I really think it can. I see so much work coming in. I love the Nike Da Da Ding work from India and BeatMe work from Pakistan. I think slowly we are having confidence. Particularly, if you look at Da Da Ding, it’s about encouraging young women to boost sports and play a strong woman. Not just the message but the portrayal of women becomes powerful. 

I also loved the work that was done by Ariel Share the load. Sometimes it is little things that can make the difference and change perception. We have an unconscious bias and if we can just check with ourselves, I think that will make a difference. There was a lovely campaign done in India for Pampers where they talked that it takes two to bring one up. It is not just shouting from the rooftop but making an observation that we should start doing things differently. Advertising is a very important part of popular culture and hence it is our responsibility to be responsible. 

We heard you talking about the need for diversity in the agency. Does it even matter where the idea comes from, be it a woman or man?

It doesn’t. It is important to have diversity within the organisation. It helps to learn from each other. By diversity, I just don’t mean men and women but different perspectives by people of different background and culture.

We don’t see many women leaders at the top. You have made it to the global role now. How challenging is it for you being a woman? In India as well, it is now we are seeing the ratio of women: men coming nearer to equal. What holds back women from reaching the top and what can be done in this regard?

I hate pointing a finger on that, but having children and family does have an effect on one’s career. Sometimes you drop out and when you come back, your colleague might have progressed in a way you haven’t. One of a thing that I have noticed in our office is that we have a lot of women who may work for four days a week.
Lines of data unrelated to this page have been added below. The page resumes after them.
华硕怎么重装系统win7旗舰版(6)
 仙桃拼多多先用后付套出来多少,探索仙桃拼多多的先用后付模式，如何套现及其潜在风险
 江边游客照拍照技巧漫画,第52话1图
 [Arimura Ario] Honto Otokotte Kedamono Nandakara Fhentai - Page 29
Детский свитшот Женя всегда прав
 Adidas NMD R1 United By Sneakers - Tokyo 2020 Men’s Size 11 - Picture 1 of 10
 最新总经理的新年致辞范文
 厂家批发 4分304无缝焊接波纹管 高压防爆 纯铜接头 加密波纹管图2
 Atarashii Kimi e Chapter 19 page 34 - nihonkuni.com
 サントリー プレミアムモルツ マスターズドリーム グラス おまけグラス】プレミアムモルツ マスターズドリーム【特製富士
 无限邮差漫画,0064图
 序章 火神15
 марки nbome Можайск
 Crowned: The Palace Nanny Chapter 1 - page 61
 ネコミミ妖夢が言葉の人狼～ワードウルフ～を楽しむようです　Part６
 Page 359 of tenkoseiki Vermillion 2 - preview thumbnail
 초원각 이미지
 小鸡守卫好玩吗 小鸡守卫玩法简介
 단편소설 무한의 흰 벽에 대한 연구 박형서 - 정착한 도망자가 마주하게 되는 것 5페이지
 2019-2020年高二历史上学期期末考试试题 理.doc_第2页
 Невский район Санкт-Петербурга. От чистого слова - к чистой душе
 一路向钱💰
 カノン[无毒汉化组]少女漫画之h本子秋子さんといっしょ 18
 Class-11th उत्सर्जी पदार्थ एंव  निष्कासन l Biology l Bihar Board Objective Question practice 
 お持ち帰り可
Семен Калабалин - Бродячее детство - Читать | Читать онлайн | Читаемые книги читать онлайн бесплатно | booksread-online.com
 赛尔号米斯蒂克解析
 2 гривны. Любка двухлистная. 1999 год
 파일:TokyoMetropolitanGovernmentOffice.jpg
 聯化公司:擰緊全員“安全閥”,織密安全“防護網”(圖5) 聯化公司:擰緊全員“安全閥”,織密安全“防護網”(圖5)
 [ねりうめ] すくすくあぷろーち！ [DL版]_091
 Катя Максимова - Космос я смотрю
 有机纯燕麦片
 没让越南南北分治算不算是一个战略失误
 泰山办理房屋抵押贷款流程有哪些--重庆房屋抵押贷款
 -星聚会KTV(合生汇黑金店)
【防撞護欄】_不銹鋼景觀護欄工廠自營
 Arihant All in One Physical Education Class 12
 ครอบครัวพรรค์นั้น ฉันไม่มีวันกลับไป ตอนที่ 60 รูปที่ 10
Not many people talk about that openly and quietly move out. We encourage people to talk about it. We make it a point that people are able to go home early, pick their children from school and can even take Fridays off to be with their children. Because it is that way you stop it being something to hide. I wouldn’t have been able to do my job if not being supported massively by my colleagues. Our industry is about a team, not ‘I’ but ‘We’. That comes in turn of emotional and physical support. 

Do you think women are given less opportunity than men? 

I don’t think women are given less opportunity. I think in certain cultures it has been a norm to have women at senior positions and others are getting to shift to balance a bit. I am really hoping that still it is a long way to go. In creative industry there are a few global creative directors who are women. Hopefully, by the time I retire there would be loads.

We have read a few articles that you don’t find yourself well-equipped with technology. What do you think you are losing as a creative leader by not being digitally abreast in today’s day and age?

I hate social media and love speaking with people. For me it’s all about having a conversation. I need technology to stay in touch, but I don’t use it for further our relationships. Of course, at work place I spend time in learning whatever is new. At work front I am excited, exposed and enjoying what possibilities innovation and technology can bring. It is just in my home life that I would like to sit down over dinner to talk to my son and husband than being on the phone the whole day.

What would you like to tell the younger generation entering advertising?

I think advertising as a concept is changing by the minute not the day. It’s a dynamic landscape for us. To me, it is really exciting. Advertising does have power to change things. What is exciting about advertising is the collation of creativity and technology. New channels are exposed every day and old media doesn’t exist and new media is created.